Der Trend geht auch beim Schleppen immer mehr zur geflochtenen. Ich fische meine beiden Diverruten mit geflochtener + 8 Meter Mono, auf der mein Slidediver läuft. Eine DR-Rutefische ich mit meiner kleinen Schiebebremse Multi für Norwegen (Avet MXJ) mit geflochtener und 20 Meter Mono davor. Wenn es ddas Wetter jetzt bald erlaubt, werde ich auch eine meiner beide Multis für das Brettchen umstellen.
Die Fische sitzen bei etwas vorsichtigem Drill im Schnitt besser.
Der erste Lachsdrill an der Diverrute mit Geflochtener: Unbezahlbar :k
Zum Einstieg würde ich dir aber 20 - 25 Meter Mono empfehlen.
Habe ich letztes Jahr auf Bornholm erstmalig auf den Downrigger- und Brettchenruten eines anderen Bootes ausprobiert. Wirklich top!! Bei 5bft hätte wir mit unseren dicken Monoschnüren wahrscheinlich schon einpacken bzw. nicht mehr das volle Setup fahren können. Mit den Geflochtenen ging es noch halbwegs.
Sobald ich meine letzten paar hundert Meter Monoschnur verbraucht habe werde ich ebenfalls an allen Ruten auf Geflecht umsteigen. An den Diverruten habe ich schon immer so gefischt und sogar nur mit einem guten Meter Monovorfach. Davor direkt die Geflochtene. War auch bei großen Salmen vor Rügen kein Problem, sondern Genuss pur.
Ich hatte bisher nur immer etwas Sorge am Abrieb, speziell im Bereich der Planerboards und Steckbleie. Ich werde nun aber das Vorfach so lang wählen, dass ich das Brettchen noch auf die Mono setzen kann und ab Brettchen dann die Geflochtene zum Einsatz kommt. Damit erübrigt sich auch das Schnurzählerproblem, da man die Vorfachlänge kennt und sich der Rest gut abschätzen lassen sollte.
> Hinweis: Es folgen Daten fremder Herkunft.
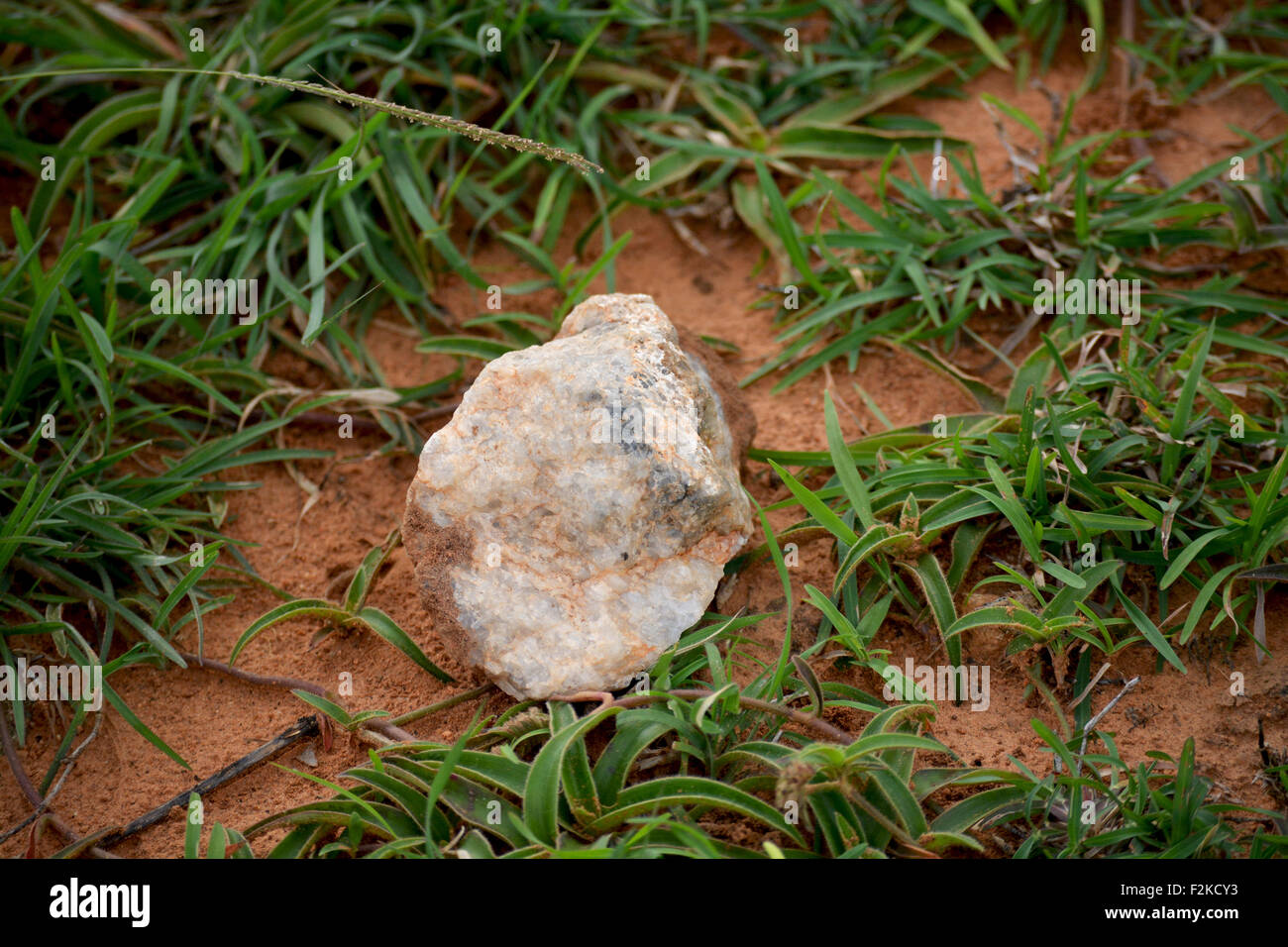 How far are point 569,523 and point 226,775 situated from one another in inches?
39.6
Hinter den Brettchen benutze ich nur noch Steckbleie. Die Rhino sind ok, es gibt aber meiner Meinung nach bessere (z.B. Divebomb). Die sind gegenüber den Scheiben klar im Vorteil: Frei wählbarer Abstand, abnehmbar und in sämtlichen Gewichtsklassen verfügbar.

Und zur ursprünglichen Frage:
Als Boards würde ich ausschließlich die finnische Bauart empfehlen. Alles andere hat sich bei uns nicht bewährt.

Grüße!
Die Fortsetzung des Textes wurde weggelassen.